La collusion dans la passation des marchés publics s’étend de plus en plus et coûte donc énormément à la trésorerie nationale.
C’est pour tenter d’endiguer sa généralisation que le Conseil de la concurrence s’est penché, hier, dans un séminaire à Alger, sur ce phénomène. « Il s’agit de prendre des mesures spécifiques pour lutter contre cette pratique. C’est le but de ce séminaire. Car cette question ne concerne pas uniquement le conseil de la concurrence. Ce dernier n’est qu’un maillon de la chaîne devant intervenir pour lutter contre ce phénomène », souligne le président du Conseil de la concurrence, Amara Zitouni.
Mais d’abord un rappel sur la signification de collusion. Selon le sous-directeur de la réglementation division marchés publics au ministère des Finances, Omar Laâdjel, ce terme renferme toute entente « secrète » entre un groupe d’entreprises, lors d’un appel d’offres, pour faire augmenter les prix des services ou produits sollicités, notamment, tout en conservant l’apparence concurrentielle du marché.

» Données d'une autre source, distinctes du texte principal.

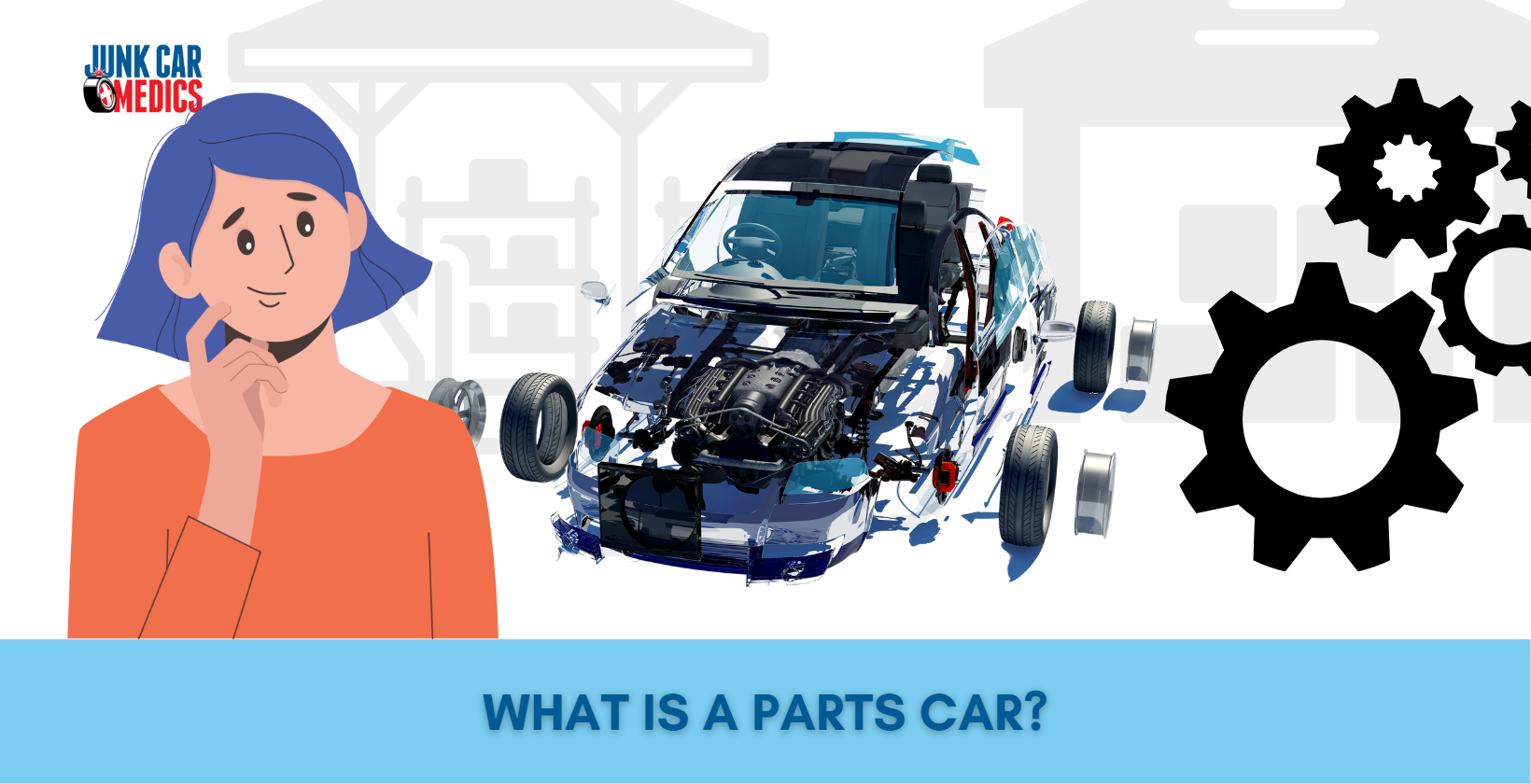 What is a Parts Car?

En clair, « il y a un appel d’offres, et puis, des entreprises s’entendent entre elles, dans le plus grand secret, pour qu’un produit de dix dinars par exemple augmente à 20 DA. Les dix dinars majorés iront dans leur poches et ça sera une perte pour le trésor public », explique-t-il, précisant que les offres collusoires ciblent particulièrement les marchés publics.
Le caractère secret de la collusion la rend difficile à détecter et, surtout, à prouver. Toutefois, le représentant du ministère des Finances assure que des indices peuvent amener les responsables des marchés publics à ouvrir une enquête. « A condition toutefois que les personnes chargées de récolter les indices soient hautement qualifiées.
Détecter une collusion dépend essentiellement de l’intelligence et du savoir-faire de l’enquêteur ou du personnel des marchés publics. C’est pour cette raison que la formation a été exigée dans la réglementation relative aux marchés publics », fait-il savoir, signalant, par ailleurs, que les indices ne sont pas des preuves irréfutables.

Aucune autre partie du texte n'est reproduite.